Activity » Below is a listing. Return the lines from the one that contains "Notice that the" to the one that contains "Check the battery", both ends included, verbatim and with no pictures.

Task data »
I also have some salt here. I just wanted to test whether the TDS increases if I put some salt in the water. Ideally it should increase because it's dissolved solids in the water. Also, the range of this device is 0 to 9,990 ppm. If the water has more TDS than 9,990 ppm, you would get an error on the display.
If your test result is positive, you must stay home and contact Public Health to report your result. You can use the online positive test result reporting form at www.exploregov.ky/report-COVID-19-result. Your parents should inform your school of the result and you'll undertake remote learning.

...

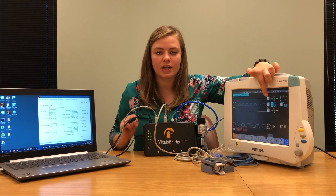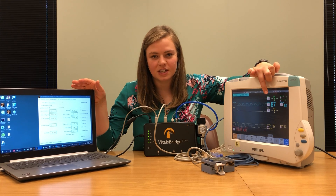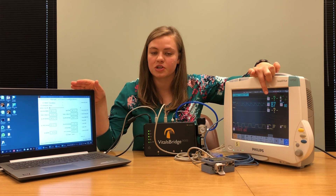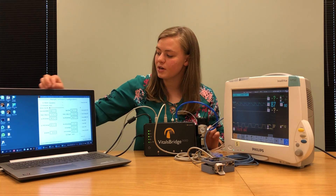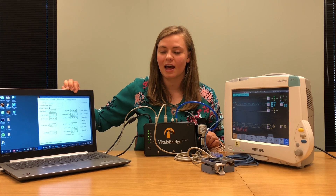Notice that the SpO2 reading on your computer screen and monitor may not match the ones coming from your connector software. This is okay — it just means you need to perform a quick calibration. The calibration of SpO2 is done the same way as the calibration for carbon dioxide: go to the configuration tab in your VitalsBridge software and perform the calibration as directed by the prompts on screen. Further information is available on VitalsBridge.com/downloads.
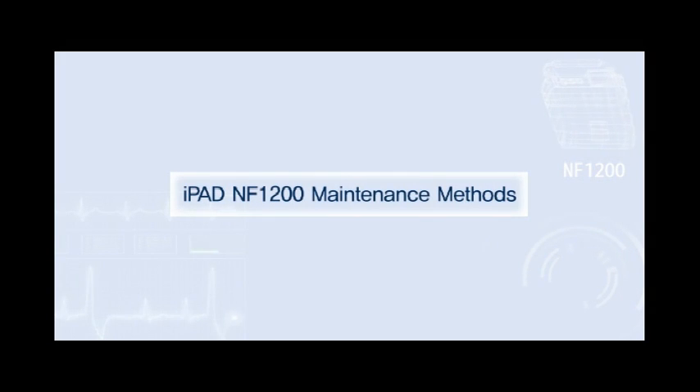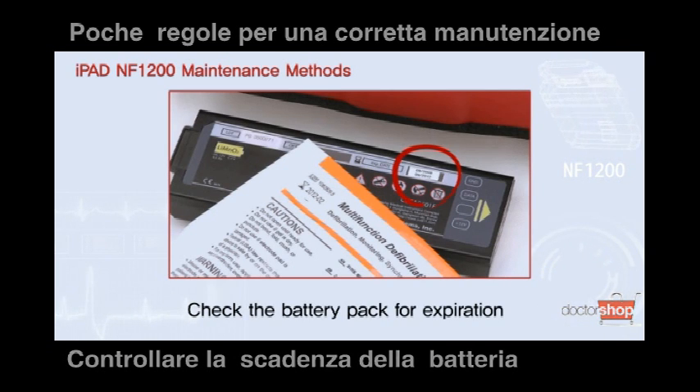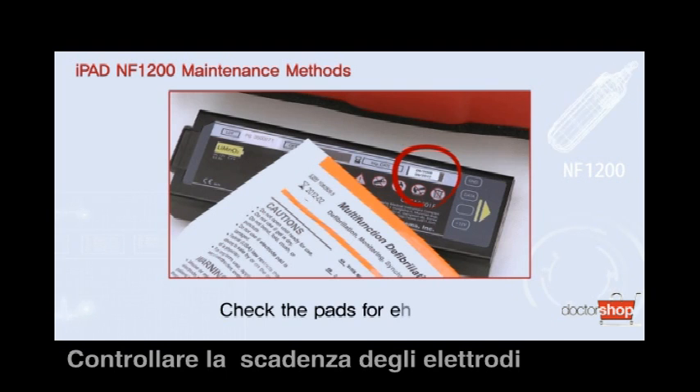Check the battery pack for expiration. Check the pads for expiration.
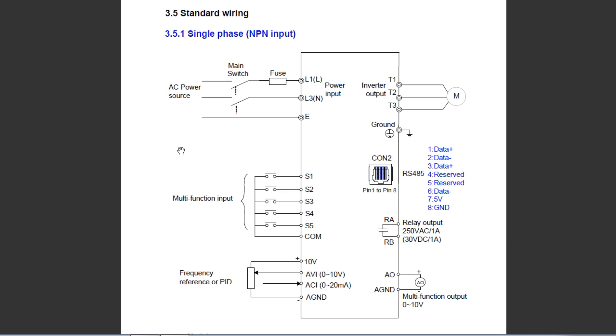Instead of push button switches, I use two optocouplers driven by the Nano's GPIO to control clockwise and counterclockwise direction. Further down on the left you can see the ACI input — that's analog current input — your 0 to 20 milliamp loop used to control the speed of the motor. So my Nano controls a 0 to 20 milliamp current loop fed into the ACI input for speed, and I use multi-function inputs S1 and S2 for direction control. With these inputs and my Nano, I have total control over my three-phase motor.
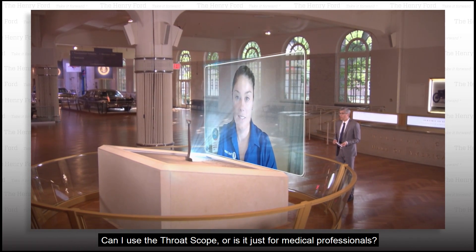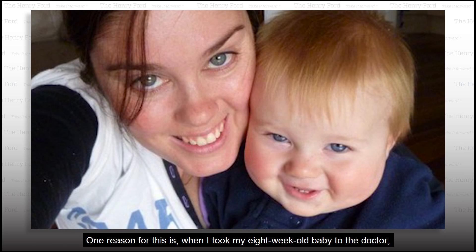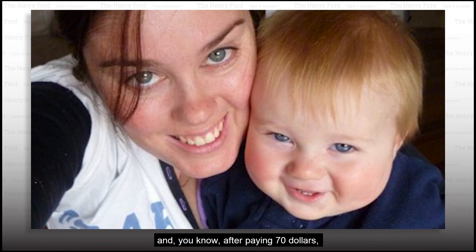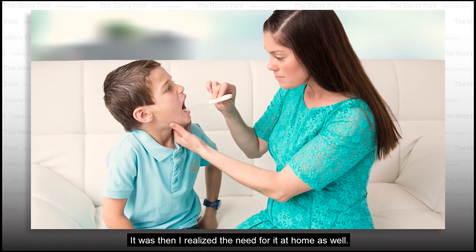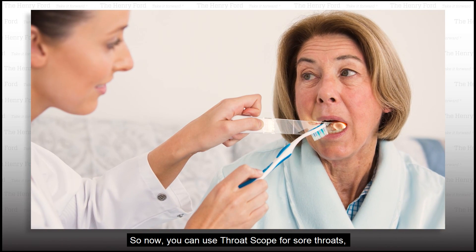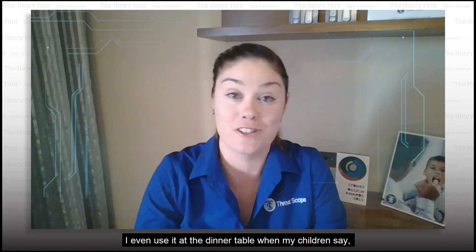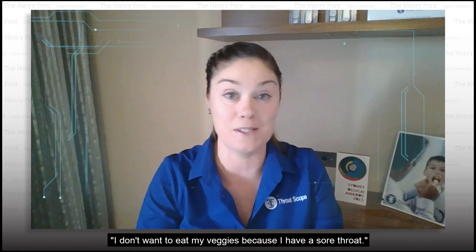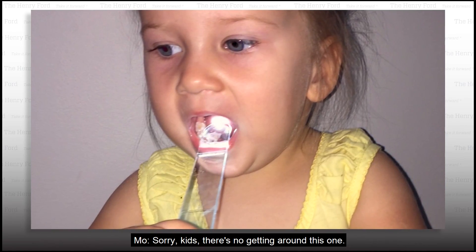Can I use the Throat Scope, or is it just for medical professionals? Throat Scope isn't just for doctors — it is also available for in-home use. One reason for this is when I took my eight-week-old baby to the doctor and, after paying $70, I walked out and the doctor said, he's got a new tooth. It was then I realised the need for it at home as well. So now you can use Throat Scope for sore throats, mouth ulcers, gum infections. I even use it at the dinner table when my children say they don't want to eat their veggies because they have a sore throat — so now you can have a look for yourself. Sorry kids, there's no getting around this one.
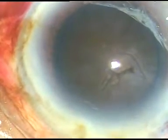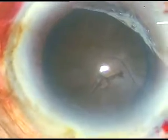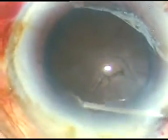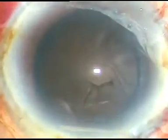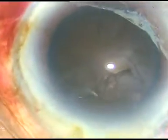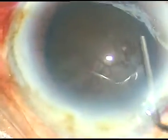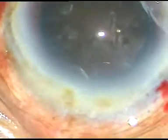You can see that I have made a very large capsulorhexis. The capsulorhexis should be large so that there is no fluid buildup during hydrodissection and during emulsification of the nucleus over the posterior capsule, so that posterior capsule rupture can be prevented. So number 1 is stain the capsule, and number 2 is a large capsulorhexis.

Answer box »
Notice that the SpO2 reading on your computer screen and monitor may not match the ones coming from your connector software. This is okay — it just means you need to perform a quick calibration. The calibration of SpO2 is done the same way as the calibration for carbon dioxide: go to the configuration tab in your VitalsBridge software and perform the calibration as directed by the prompts on screen. Further information is available on VitalsBridge.com/downloads.
Check the battery pack for expiration. Check the pads for expiration.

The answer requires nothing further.